## What the task asks
Every line of the records below from the line with "每天练一题,让孩子爱上数学!小学数学二年级下册时间间隔奥数上 #小学数学 #小学奥数" up to and including the line with "Keyware Technologies N.V." must be reproduced exactly, and no line outside that range.

## Data provided
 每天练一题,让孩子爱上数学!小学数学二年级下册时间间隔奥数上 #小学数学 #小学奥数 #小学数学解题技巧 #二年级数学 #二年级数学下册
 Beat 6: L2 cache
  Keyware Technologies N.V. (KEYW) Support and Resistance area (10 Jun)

==

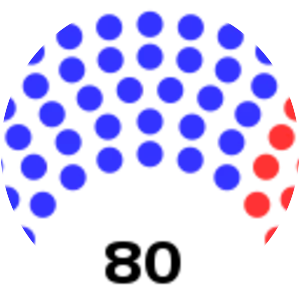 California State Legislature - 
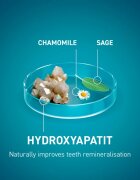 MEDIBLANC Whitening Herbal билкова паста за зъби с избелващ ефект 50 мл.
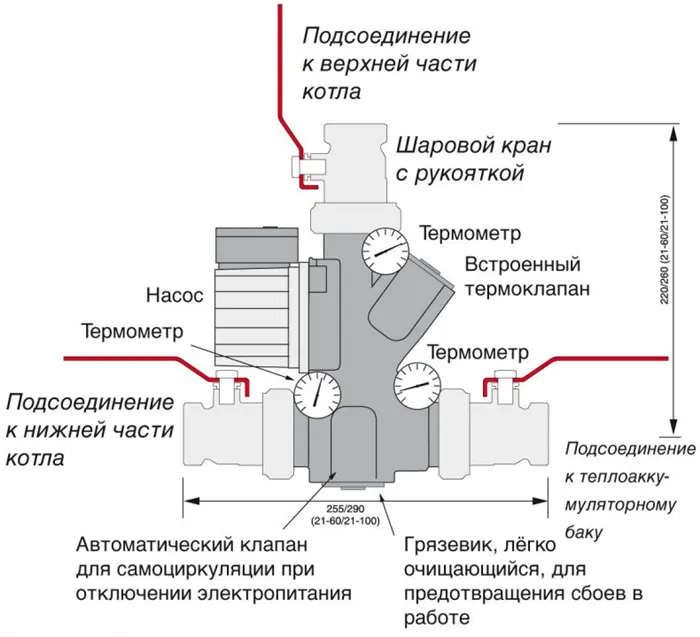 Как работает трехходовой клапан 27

## Response to this exercise
 每天练一题,让孩子爱上数学!小学数学二年级下册时间间隔奥数上 #小学数学 #小学奥数 #小学数学解题技巧 #二年级数学 #二年级数学下册
 Beat 6: L2 cache
  Keyware Technologies N.V. (KEYW) Support and Resistance area (10 Jun)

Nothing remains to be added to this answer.